Tracing becomes a challenge in distributed systems when there is no unique reference to trace a particular activity across multiple systems and services.

Spring Cloud Sleuth addresses this challenge and generates trace headers accordingly.

Each trace includes these three key information:

  1. Application name — As configured in the yml file
  2. Traceid — This is an Id assigned to a single request or job.
  3. SpanId — This is an Id assigned to a single unit of work. Multiple SpanId’s could be traced under the same TraceId.

If one microservice calls another microservice then the trace headers will continue in the called service.

Let’s see the implementation using a SpringBoot application (and compare it with an application that doesn’t use Sleuth)

If needed, check out the sample Spring Boot code here. Refer to this article to set up the workspace and project. You may use any Spring Boot application to follow this tutorial.

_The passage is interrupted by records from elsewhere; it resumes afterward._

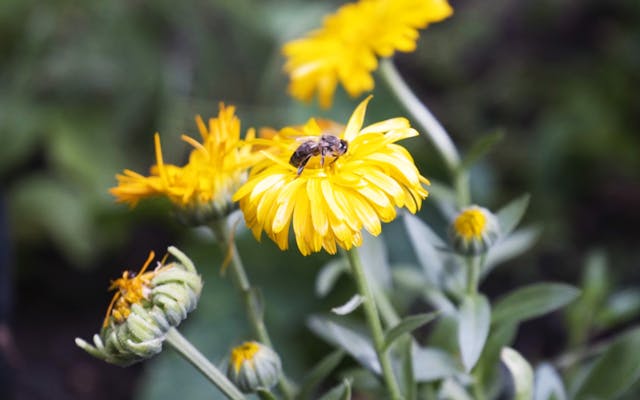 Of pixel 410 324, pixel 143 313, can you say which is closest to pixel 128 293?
pixel 143 313

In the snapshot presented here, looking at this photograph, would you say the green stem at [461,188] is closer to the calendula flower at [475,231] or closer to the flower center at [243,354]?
the calendula flower at [475,231]

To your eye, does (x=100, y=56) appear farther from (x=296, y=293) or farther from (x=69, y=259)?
(x=296, y=293)

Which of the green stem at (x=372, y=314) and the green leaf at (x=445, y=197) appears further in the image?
the green leaf at (x=445, y=197)

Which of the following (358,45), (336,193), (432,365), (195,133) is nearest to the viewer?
(336,193)

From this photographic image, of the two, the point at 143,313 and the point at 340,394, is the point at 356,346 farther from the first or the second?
the point at 143,313

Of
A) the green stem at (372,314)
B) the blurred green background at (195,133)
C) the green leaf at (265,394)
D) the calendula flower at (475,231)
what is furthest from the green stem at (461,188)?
the blurred green background at (195,133)

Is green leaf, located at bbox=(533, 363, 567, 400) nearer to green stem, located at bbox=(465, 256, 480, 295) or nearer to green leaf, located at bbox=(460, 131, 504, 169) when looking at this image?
green stem, located at bbox=(465, 256, 480, 295) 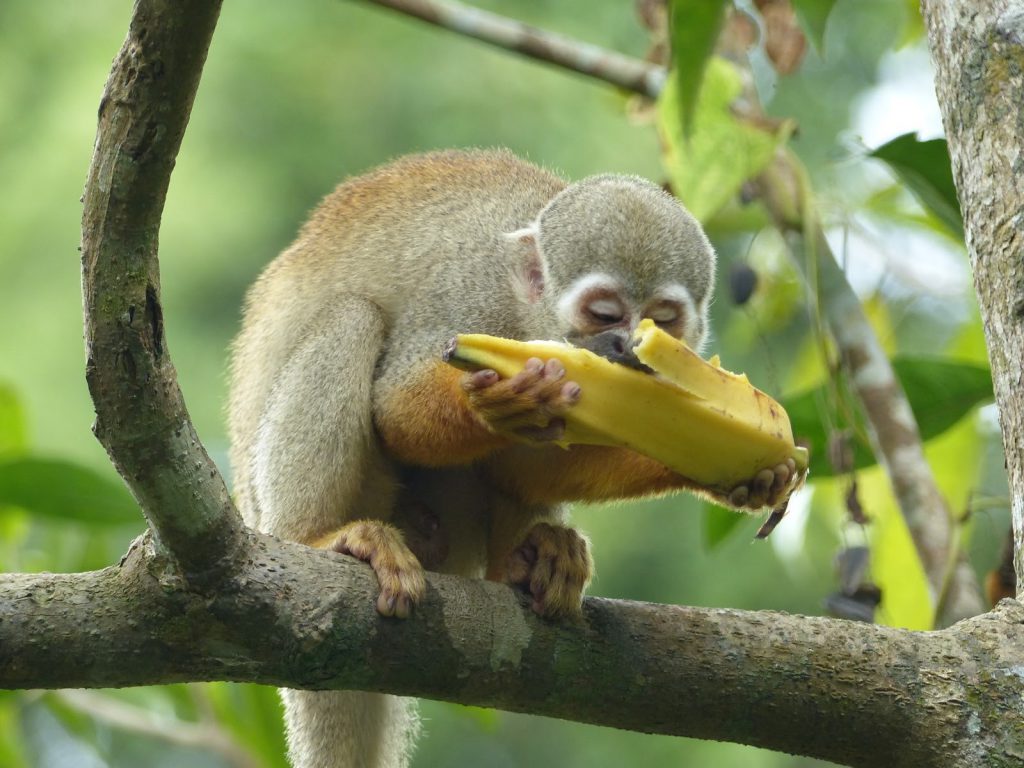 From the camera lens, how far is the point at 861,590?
10.6ft

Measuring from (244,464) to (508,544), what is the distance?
815 millimetres

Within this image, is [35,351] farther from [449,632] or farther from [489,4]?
[449,632]

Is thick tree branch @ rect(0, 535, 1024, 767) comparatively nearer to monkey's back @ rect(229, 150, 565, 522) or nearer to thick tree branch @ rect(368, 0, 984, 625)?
thick tree branch @ rect(368, 0, 984, 625)

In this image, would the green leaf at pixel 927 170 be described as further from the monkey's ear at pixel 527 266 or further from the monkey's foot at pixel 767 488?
the monkey's foot at pixel 767 488

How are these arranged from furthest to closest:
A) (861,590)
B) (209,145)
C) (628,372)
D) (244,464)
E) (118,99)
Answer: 1. (209,145)
2. (244,464)
3. (861,590)
4. (628,372)
5. (118,99)

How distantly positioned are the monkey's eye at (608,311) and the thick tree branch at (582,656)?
33.2 inches

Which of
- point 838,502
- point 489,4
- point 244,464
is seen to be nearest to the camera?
point 244,464

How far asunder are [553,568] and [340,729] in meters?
0.97

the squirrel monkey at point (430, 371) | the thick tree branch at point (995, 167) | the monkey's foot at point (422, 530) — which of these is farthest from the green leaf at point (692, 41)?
the monkey's foot at point (422, 530)

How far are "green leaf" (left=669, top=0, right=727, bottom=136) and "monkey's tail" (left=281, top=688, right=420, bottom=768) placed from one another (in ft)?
5.73

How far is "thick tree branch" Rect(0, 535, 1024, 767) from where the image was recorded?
2055 millimetres

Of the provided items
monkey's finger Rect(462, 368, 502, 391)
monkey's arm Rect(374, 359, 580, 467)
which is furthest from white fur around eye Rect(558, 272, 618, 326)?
monkey's finger Rect(462, 368, 502, 391)

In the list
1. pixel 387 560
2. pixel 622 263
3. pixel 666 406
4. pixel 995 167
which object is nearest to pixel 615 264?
pixel 622 263

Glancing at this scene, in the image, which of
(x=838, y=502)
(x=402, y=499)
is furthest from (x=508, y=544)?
(x=838, y=502) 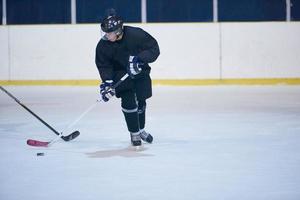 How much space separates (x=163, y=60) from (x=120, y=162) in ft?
19.6

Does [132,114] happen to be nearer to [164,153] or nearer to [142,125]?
[142,125]

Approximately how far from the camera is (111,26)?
459 centimetres

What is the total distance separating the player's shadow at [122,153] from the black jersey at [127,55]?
0.36m

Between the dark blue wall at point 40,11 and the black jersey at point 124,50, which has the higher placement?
the dark blue wall at point 40,11

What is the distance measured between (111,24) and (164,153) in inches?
33.9

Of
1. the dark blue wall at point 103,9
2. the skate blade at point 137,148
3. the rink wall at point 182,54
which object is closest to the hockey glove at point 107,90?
the skate blade at point 137,148

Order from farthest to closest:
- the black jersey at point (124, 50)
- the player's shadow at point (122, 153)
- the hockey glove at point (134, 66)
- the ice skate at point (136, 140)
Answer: the ice skate at point (136, 140) → the black jersey at point (124, 50) → the hockey glove at point (134, 66) → the player's shadow at point (122, 153)

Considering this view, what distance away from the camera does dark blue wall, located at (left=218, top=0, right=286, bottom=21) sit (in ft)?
35.1

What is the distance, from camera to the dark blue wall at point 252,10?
421 inches

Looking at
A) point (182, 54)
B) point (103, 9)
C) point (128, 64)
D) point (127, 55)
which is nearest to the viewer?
point (128, 64)

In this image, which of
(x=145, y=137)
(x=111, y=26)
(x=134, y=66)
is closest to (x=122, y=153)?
(x=145, y=137)

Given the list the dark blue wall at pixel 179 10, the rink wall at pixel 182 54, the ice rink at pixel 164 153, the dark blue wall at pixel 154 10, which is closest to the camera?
the ice rink at pixel 164 153

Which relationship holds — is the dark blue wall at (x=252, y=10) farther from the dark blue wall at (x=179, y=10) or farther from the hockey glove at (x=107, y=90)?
the hockey glove at (x=107, y=90)

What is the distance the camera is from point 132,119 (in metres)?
4.86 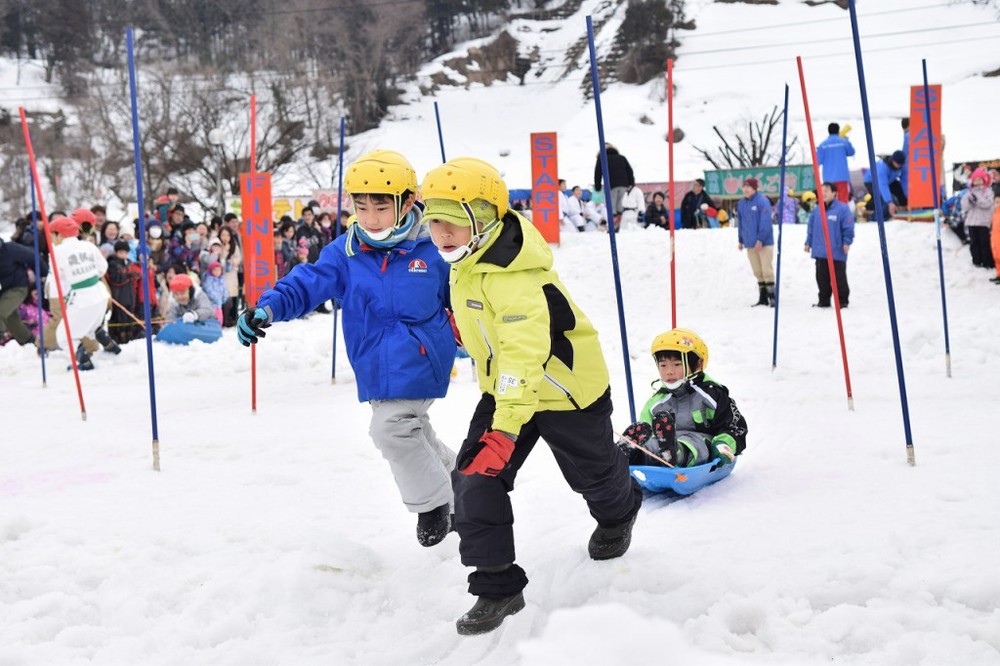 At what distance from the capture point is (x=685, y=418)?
5.15 meters

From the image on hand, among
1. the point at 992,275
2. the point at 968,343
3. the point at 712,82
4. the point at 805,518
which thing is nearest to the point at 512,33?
the point at 712,82

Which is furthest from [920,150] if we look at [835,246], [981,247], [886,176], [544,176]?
[544,176]

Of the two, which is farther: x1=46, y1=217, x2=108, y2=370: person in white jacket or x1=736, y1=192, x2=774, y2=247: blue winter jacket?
x1=736, y1=192, x2=774, y2=247: blue winter jacket

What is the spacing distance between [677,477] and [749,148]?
37.3 meters

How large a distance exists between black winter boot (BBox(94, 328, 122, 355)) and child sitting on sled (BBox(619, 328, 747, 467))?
27.5 ft

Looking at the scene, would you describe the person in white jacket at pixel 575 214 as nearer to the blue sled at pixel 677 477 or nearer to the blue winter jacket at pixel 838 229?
the blue winter jacket at pixel 838 229

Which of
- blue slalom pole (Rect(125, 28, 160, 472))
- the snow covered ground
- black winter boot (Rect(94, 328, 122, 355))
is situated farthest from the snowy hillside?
blue slalom pole (Rect(125, 28, 160, 472))

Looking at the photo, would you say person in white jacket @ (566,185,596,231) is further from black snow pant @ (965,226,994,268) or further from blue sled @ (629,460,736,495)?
blue sled @ (629,460,736,495)

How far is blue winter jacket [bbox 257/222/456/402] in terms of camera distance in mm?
4160

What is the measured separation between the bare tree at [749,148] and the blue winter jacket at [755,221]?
22.4 meters

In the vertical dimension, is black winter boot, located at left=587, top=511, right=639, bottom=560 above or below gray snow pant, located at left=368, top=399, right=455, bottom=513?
below

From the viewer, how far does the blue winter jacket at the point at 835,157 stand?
15.8 m

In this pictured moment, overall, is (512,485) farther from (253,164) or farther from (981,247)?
(981,247)

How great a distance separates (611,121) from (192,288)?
34996 mm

Start the application mentioned above and you will see the logs generated as given below,

Stop the application and let’s make the following changes to add cloud dependencies.

  1. Modify pom.xml

Note that, if you are using a different codebase then add a cloud version corresponding to your Spring Boot version.

2. Modify application.yml

Add the application’s name in the yml file, this name will be part of the trace generated by the sleuth.

“bar” name is copied straight from the spring docs, you may want to use a meaningful name.

3. Start the application

In the given example, when the service starts, a scheduler is triggered, after which you can hit GET/POST/DELETE APIs to test the trace ids.

We can see in the above logs, with each user request a new TraceId and SpanId are generated.

In distributed environments, there is a practice to generate a unique id and pass it in the header to trace all the consecutive calls, all that overhead can now be taken care of by the sleuth.

Configuration is straightforward and the trace output is easy enough to comprehend.

The biggest challenge though with passing a unique header or maintaining a unique id is, the traceability is lost in asynchronous calls. I do not see that issue being addressed in Sleuth as well.